**Exercise:** Leaving out the pictures, write out exactly each line from the line with "Hot Pink Sweater" through the close of the listing below.
*** Dataset section Section Begins ***
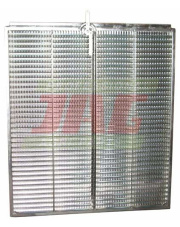 JAG05-0180 Sito żaluzjowe ocynkowane dolne, lamela-10mm Premium 725140.01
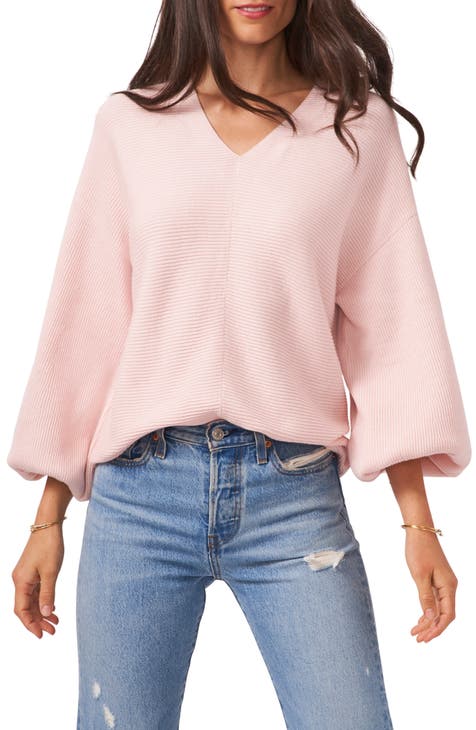Hot Pink Sweater Woman Fall Tops Cardigan Sweaters for Women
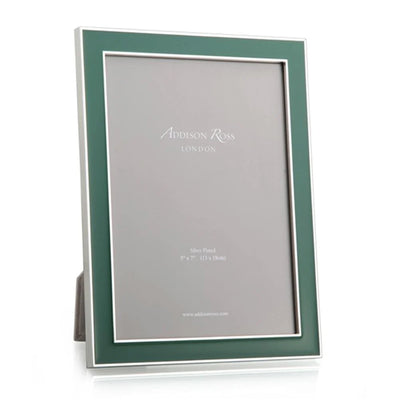 Plated Enamel Frame - 5x7"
*** Dataset section Section Ends ***
**Answer to the exercise:**
Hot Pink Sweater Woman Fall Tops Cardigan Sweaters for Women
 Plated Enamel Frame - 5x7"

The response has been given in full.